El dinero que como recompensa cobró mi abuela tras resolver la misteriosa desaparición de los rubíes del jeque Abdul Ibn Azaz, nos permitió pasar un fin de semana en Palma de Mallorca. Como todo lo bueno, la estancia se nos hizo cortísima y hasta tuvimos que anular la visita que mi abuela proyectaba hacer a su primo Sebastián, el cura.
Fueron unos días inolvidables, tan lejos estuve del Centro y de sus monitores. Si me preguntaran qué fue lo que más me gustó de allí, no sabría qué contestar. Bueno, miento. A ambos nos encantó lo mismo: La barquita que se pasea por la laguna de las cuevas del Drac donde va montado un fulano tocando el violín. De ponerse los pelos de punta de emoción. Bonito, bonito de verdad.
Pero como digo, todo fue regresar a casa y complicársenos la vida. De nuevo fue requerida la ayuda de mi abuela, pero esta vez no por el comisario Gabaldón, sino por la señora Juliana, la vecina que nos pisa.
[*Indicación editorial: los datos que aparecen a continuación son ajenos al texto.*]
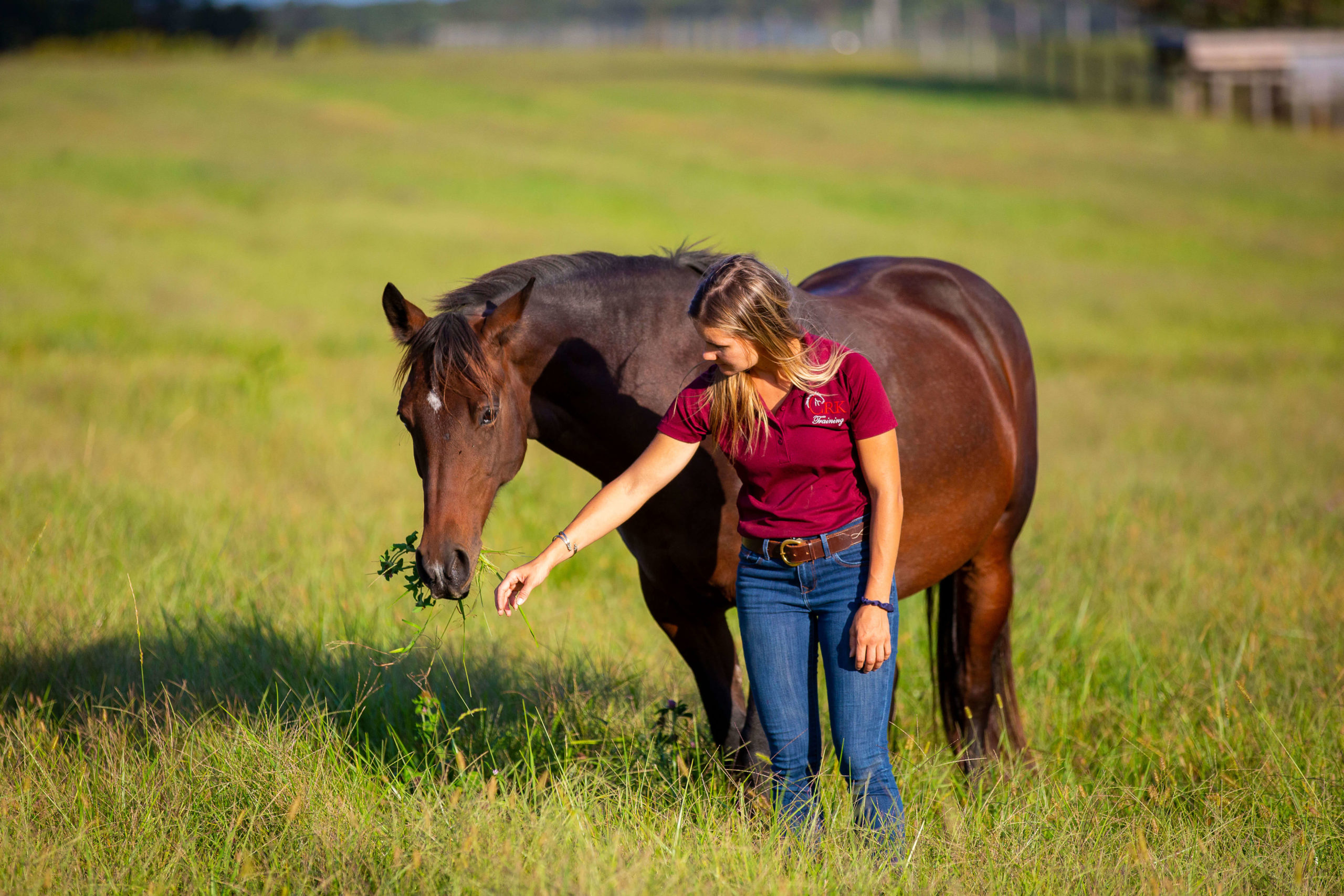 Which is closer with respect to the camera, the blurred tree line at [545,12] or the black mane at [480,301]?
the black mane at [480,301]

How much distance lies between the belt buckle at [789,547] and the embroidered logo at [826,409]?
0.32m

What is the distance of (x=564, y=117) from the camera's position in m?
36.1

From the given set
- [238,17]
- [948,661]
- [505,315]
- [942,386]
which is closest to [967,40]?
[238,17]

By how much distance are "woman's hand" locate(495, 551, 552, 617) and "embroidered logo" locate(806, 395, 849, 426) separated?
31.4 inches

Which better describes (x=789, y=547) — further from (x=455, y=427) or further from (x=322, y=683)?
(x=322, y=683)

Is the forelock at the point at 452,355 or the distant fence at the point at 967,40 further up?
the distant fence at the point at 967,40

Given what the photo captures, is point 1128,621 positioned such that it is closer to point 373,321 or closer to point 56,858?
point 56,858

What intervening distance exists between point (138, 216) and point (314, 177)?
5257 millimetres

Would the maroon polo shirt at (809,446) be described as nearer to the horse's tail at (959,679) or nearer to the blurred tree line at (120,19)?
the horse's tail at (959,679)

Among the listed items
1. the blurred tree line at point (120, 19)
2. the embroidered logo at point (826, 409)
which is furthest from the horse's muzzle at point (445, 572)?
the blurred tree line at point (120, 19)

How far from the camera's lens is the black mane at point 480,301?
9.37 feet

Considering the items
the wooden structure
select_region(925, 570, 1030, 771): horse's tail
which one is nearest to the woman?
select_region(925, 570, 1030, 771): horse's tail

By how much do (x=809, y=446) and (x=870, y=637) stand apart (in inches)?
20.4

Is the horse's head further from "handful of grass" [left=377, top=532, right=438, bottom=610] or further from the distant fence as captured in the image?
the distant fence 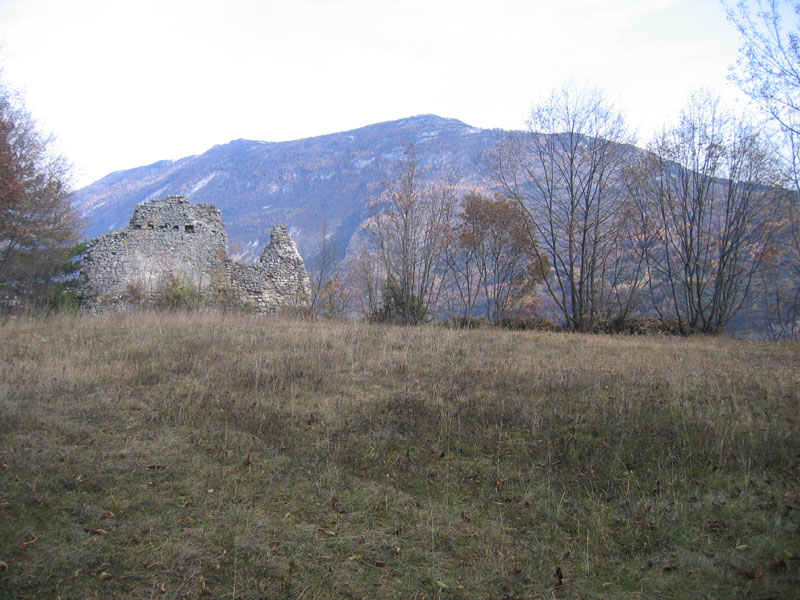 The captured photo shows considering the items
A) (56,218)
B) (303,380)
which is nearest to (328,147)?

No habíamos terminado aún de sacar el equipaje de la maleta cuando llamó a la puerta una señora Juliana que lloraba como una magdalena. Mi abuela, en vista de lo alterada que estaba, la invitó a pasar, pero ella se negó. Quería que subiéramos a su casa pues necesitaba ayuda urgente y discreta. Este último término lo expuso mirando alternativamente a mi abuela y a mí.
No se preocupe, señora Juliana, que mi nieto es de total confianza. Vamos para allá —replicó mi abuela decidida y arremangada.
Subimos los dos tramos de escaleras que nos separaban de la planta de arriba (la Comunidad lleva años examinando presupuestos para colocar un ascensor sin decidirse por ninguno) y esperamos a que nos abriera la puerta una señora Juliana que pequeña y redonda como una albóndiga, subía sofocada, no tanto por el llanto quedo como por querer igualar nuestra velocidad.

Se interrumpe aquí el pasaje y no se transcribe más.